DATA SUPPLIED:
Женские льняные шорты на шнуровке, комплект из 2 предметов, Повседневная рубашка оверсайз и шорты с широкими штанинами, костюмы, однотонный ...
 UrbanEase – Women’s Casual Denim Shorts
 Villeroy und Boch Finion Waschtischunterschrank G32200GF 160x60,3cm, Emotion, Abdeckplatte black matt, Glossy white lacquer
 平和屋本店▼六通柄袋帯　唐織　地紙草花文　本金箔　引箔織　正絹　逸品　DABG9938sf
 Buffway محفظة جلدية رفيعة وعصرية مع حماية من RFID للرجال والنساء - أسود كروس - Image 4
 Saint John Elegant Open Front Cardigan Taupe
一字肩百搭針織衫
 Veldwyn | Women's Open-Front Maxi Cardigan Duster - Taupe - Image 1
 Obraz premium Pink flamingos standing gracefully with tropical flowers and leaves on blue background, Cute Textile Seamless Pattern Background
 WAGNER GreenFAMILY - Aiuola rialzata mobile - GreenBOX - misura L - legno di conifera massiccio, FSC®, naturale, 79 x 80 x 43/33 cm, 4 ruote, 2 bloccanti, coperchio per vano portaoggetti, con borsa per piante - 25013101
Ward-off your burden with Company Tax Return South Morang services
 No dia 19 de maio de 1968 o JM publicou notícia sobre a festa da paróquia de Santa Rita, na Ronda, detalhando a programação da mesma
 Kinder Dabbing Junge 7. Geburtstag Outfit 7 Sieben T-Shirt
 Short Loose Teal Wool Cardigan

YOUR ASSIGNMENT: A faithful, word-for-word copy of the data is the expected answer.

RESULT OF THIS EXERCISE:
Женские льняные шорты на шнуровке, комплект из 2 предметов, Повседневная рубашка оверсайз и шорты с широкими штанинами, костюмы, однотонный ...
 UrbanEase – Women’s Casual Denim Shorts
 Villeroy und Boch Finion Waschtischunterschrank G32200GF 160x60,3cm, Emotion, Abdeckplatte black matt, Glossy white lacquer
 平和屋本店▼六通柄袋帯　唐織　地紙草花文　本金箔　引箔織　正絹　逸品　DABG9938sf
 Buffway محفظة جلدية رفيعة وعصرية مع حماية من RFID للرجال والنساء - أسود كروس - Image 4
 Saint John Elegant Open Front Cardigan Taupe
一字肩百搭針織衫
 Veldwyn | Women's Open-Front Maxi Cardigan Duster - Taupe - Image 1
 Obraz premium Pink flamingos standing gracefully with tropical flowers and leaves on blue background, Cute Textile Seamless Pattern Background
 WAGNER GreenFAMILY - Aiuola rialzata mobile - GreenBOX - misura L - legno di conifera massiccio, FSC®, naturale, 79 x 80 x 43/33 cm, 4 ruote, 2 bloccanti, coperchio per vano portaoggetti, con borsa per piante - 25013101
Ward-off your burden with Company Tax Return South Morang services
 No dia 19 de maio de 1968 o JM publicou notícia sobre a festa da paróquia de Santa Rita, na Ronda, detalhando a programação da mesma
 Kinder Dabbing Junge 7. Geburtstag Outfit 7 Sieben T-Shirt
 Short Loose Teal Wool Cardigan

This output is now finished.